WPIC 16.08 No Duty to Retreat
11 WAPRAC WPIC 16.08Washington Practice Series TMWashington Pattern Jury Instructions--Criminal
11 Wash. Prac., Pattern Jury Instr. Crim. WPIC 16.08 (5th Ed)
Washington Practice Series TM
Washington Pattern Jury Instructions--Criminal
April 2021 Update
Part IV. Defenses
WPIC CHAPTER 16. Justifiable Homicide
WPIC 16.08 No Duty to Retreat
It is lawful for a person who is in a place where that person has a right to be and who has reasonable grounds for believing that [he] [she] is being attacked to stand [his] [her] ground and defend against such attack by the use of lawful force. The law does not impose a duty to retreat.
NOTE ON USE
The instruction supplements the other self-defense instructions in WPIC Chapter 16. Use when warranted by the facts in a particular case.
The instruction is based upon State v. Allery, 101 Wn.2d 591, 682 P.2d 312 (1984). In Allery, a prosecution for second degree murder, the court held that because the evidence showed that the defendant was feloniously assaulted in a place where she had a right to be, the jury should have been instructed that the defendant had no duty to retreat, and that it was reversible error to refuse to give a “no duty to retreat” instruction.

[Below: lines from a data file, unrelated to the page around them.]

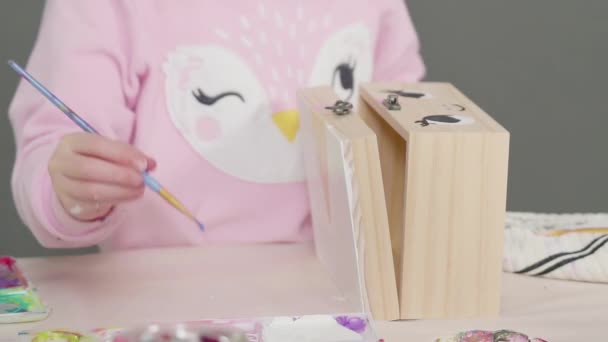 小さな女の子は木製の箱の上にアクリル絵具で白いユニコーンを描く — ストック動画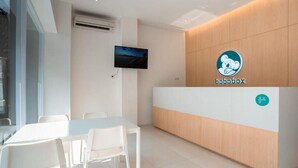 A reception area with a wooden reception desk, a mounted TV, and a white table with chairs. - Bobopod Kebayoran Baru Jakarta (Jakarta)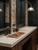 A vintage-inspired barbershop grooming station featuring an exposed brick wall and a highly durable countertop transformed with Layed Travertine Stone Vinyl Wrap.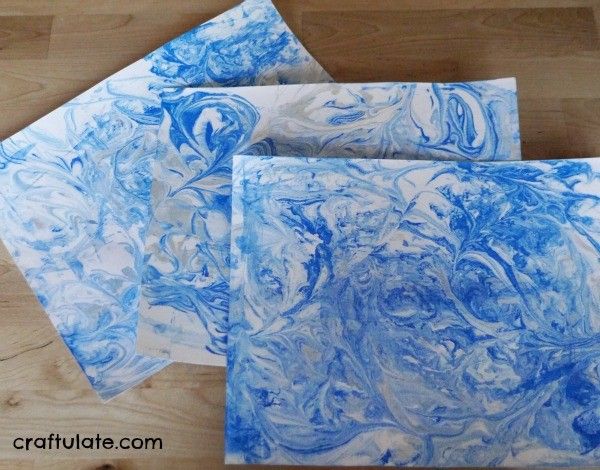 Winter Sky Art for Kids - using a marbling technique and paper punches!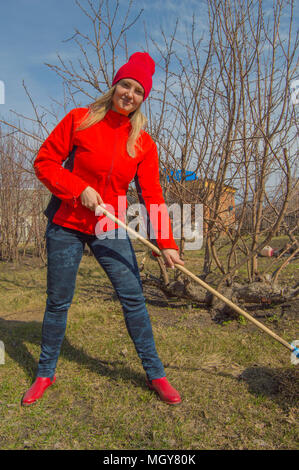 Giovane bella donna agricoltore pulisce rastrello erba secca, indossa una giacca rossa, stivali e cappello, foto verticale Foto Stock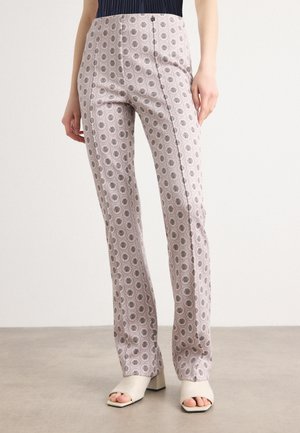Femme portant un pantalon slim à motifs taille haute et des chaussures blanches à talons blocs ouverts, debout sur un sol gris.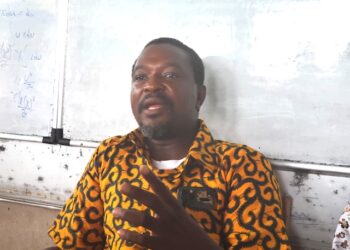 Armstrong Gobac Selekpoh addresses journalists in front of a whiteboard, speaking on behalf of Nimba host communities in defense of the ArcelorMittal Liberia concession deal.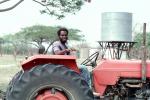 Man with Tractor, Water Tank, Madzongwe, Zimbabwe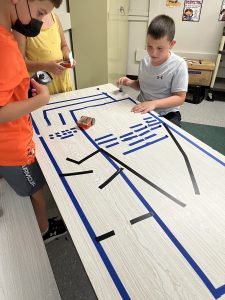 Students work on their math and science skills during STEM camp at Weedsport Elementary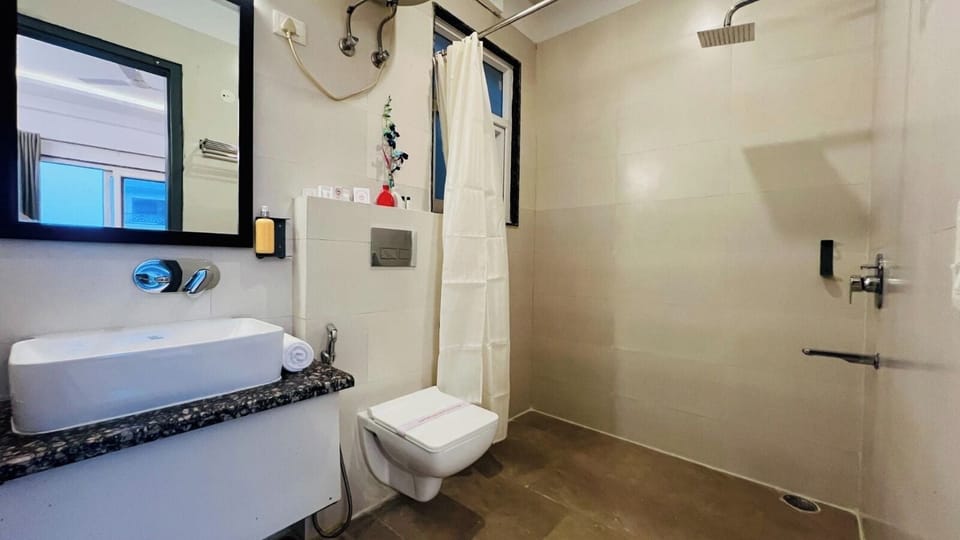 Basic Double or Twin Room | Bathroom | Shower, free toiletries, towels, soap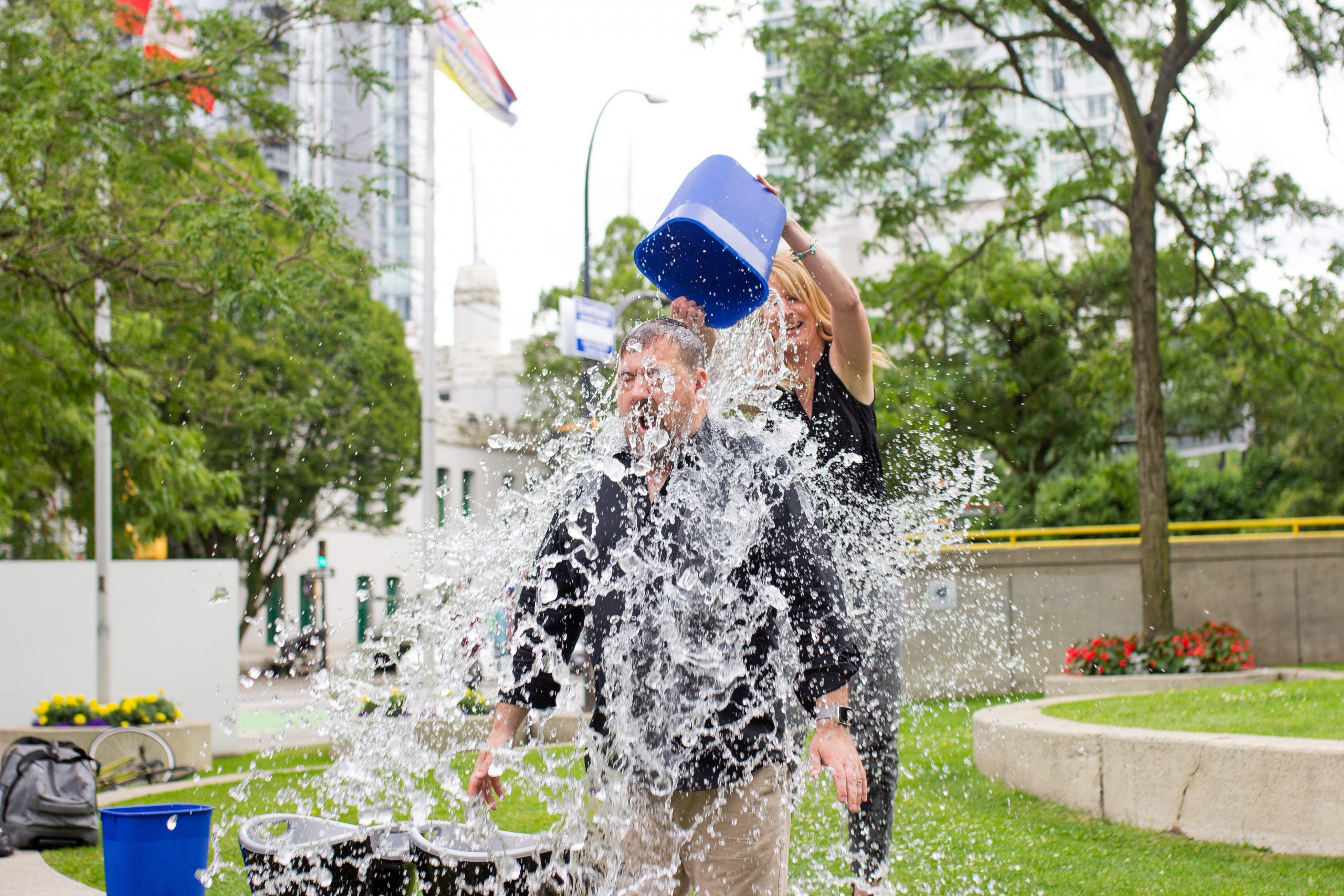 Photo of a woman pouring a bucket of water over a man's head outside in a park.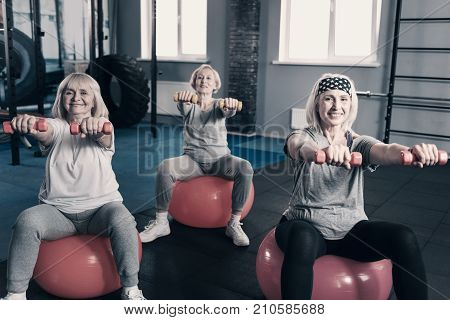 Healthy lifestyle. Three cheerful senior ladies sitting on exercise balls and stretching out hands with dumbbells while smiling at the camera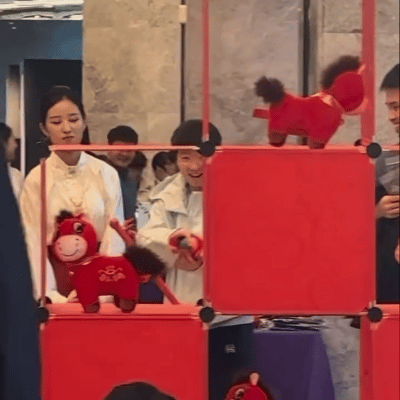 莎莎在玩游戏，周启豪在旁边一直笑。

重庆冠军赛的晚宴现场，莎莎在玩小马的游戏，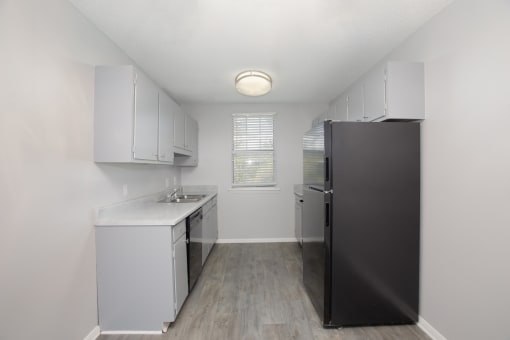 an empty kitchen with white cabinets and a black refrigerator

This instruction is not necessary in every case in which there is sufficient evidence to support a self-defense instruction. State v. Studd, 137 Wn.2d 533, 973 P.2d 1049 (1999); State v. Frazier, 55 Wn.App. 204, 777 P.2d 27 (1989); State v. Thompson, 47 Wn.App. 1, 733 P.2d 584 (1987). A “no duty to retreat” instruction need not be submitted if the defendant was actively retreating at the time of the fatal act. State v. Thompson, 47 Wn.App. 1, 5–6, 733 P.2d 584 (1987). Care must be taken, however, to distinguish a full-fledged retreat from the “ebb and flow” or “circling” common in a street fight. See State v. Williams, 81 Wn.App. 738, 742–43, 916 P.2d 445 (1996). Failure to give a “no duty to retreat” instruction in the latter circumstance is error. State v. Williams, 81 Wn.App. at 744.

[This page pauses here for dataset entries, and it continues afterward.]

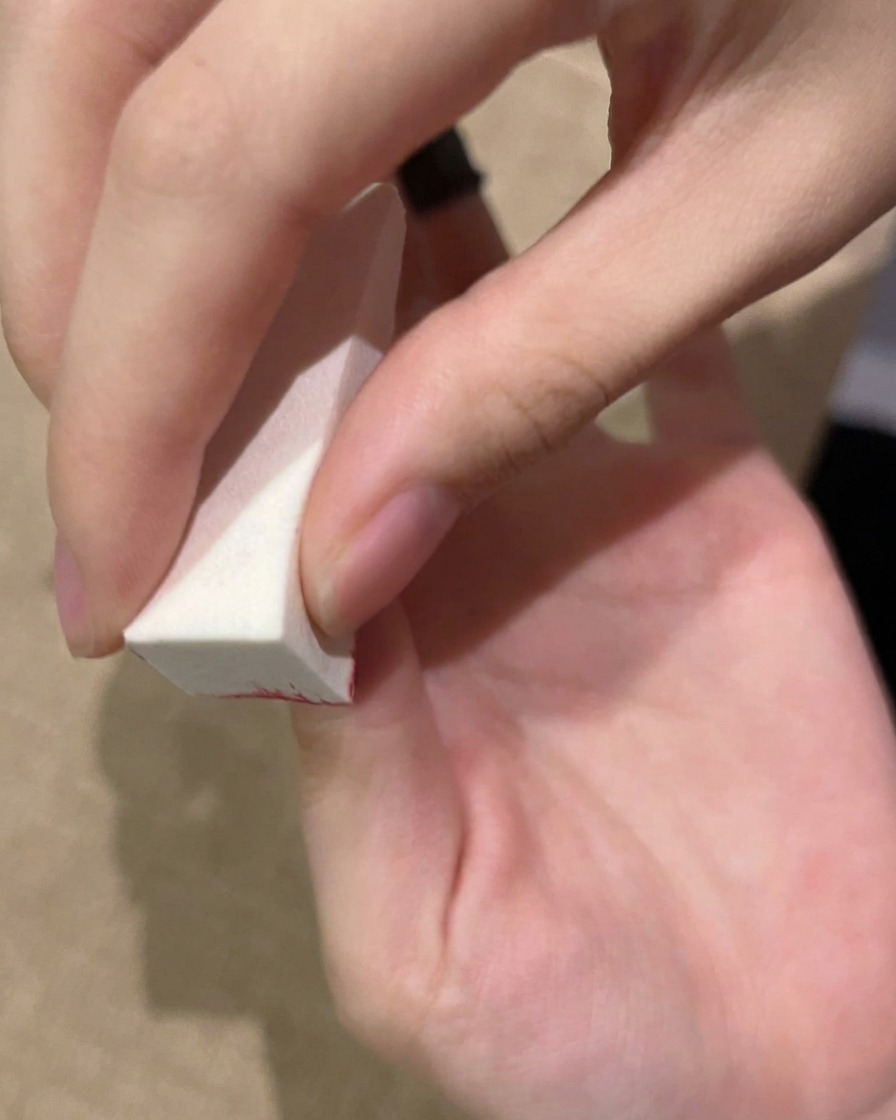 Eine Hand, die mit einem Schwämmchen Gel auf den Nagel tupft, bevor es unter der UV-Lampe härtet.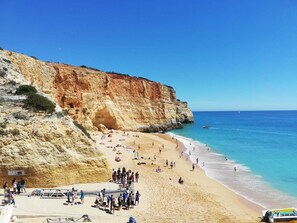 A beach with a rocky cliff, clear blue water, and a sandy shore. - Fantastic apartment for lovers, friends or family vacations (Albufeira)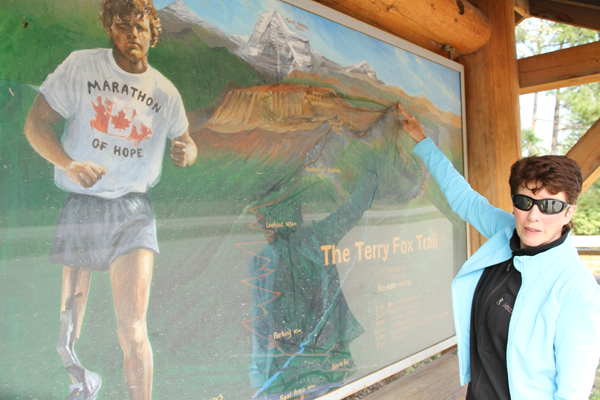 YORA President Patricia Thoni points to where the trail leads to the summit and monument. The hike is "a slog" she says, taking at least 12 hours to the peak.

In Williams, the Court of Appeals “clarif[ied] the rule” to hold that “where a jury may conclude that flight is a reasonably effective alternative to the use of force in self-defense, the no duty to retreat instruction should be given.” Noting that other states would require the taking of an available withdrawal rather than the use of deadly force and that the wisdom of a contrary policy was “open to debate,” the court adhered to what it called the long standing policy of Washington that one “should not be made to yield and flee by a show of unlawful force against him.” State v. Williams, 81 Wn.App. at 744. See also State v. Wooten, 87 Wn.App. 821, 945 P.2d 1144 (1997).
The Washington Supreme Court has approved the Court of Appeals' holding in Williams, and further indicated that a no-duty-to-retreat instruction should be given where a defendant's testimony includes speculation regarding the chances for a successful retreat. State v. Redmond, 150 Wn.2d 489, 494–95, 78 P.3d 1001 (2003).

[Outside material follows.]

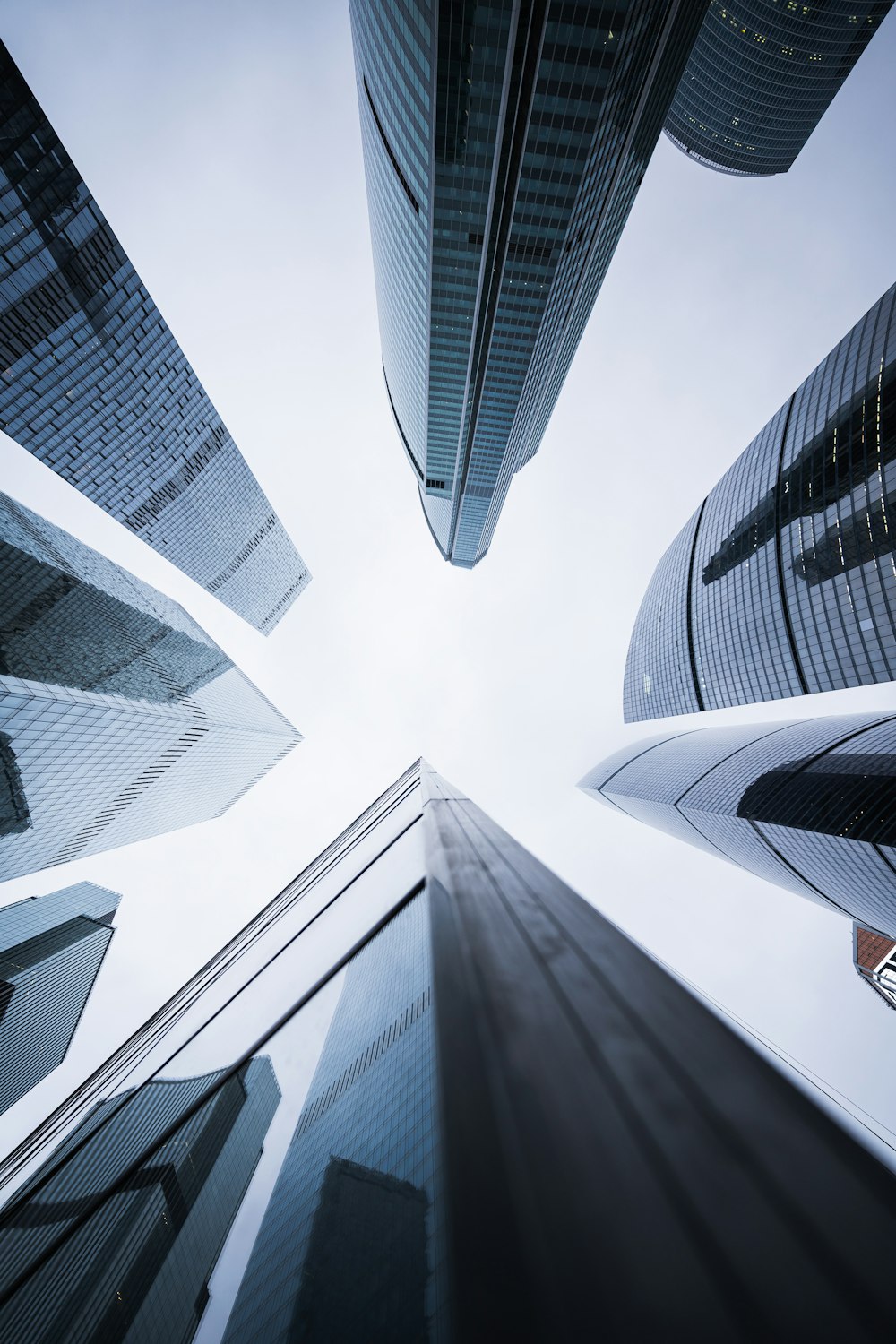 a group of tall buildings towering over a city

A defendant is not entitled to a no-duty-to-retreat instruction where there is no evidence that anyone other than the defendant was the original aggressor. State v. Benn, 120 Wn.2d 631, 845 P.2d 289 (1993). If the defendant's status as a first aggressor is disputed, the no duty to retreat instruction may need to be modified. In re Harvey, 3 Wn.App.2d 204, 221, 415 P.3d 253 (2018).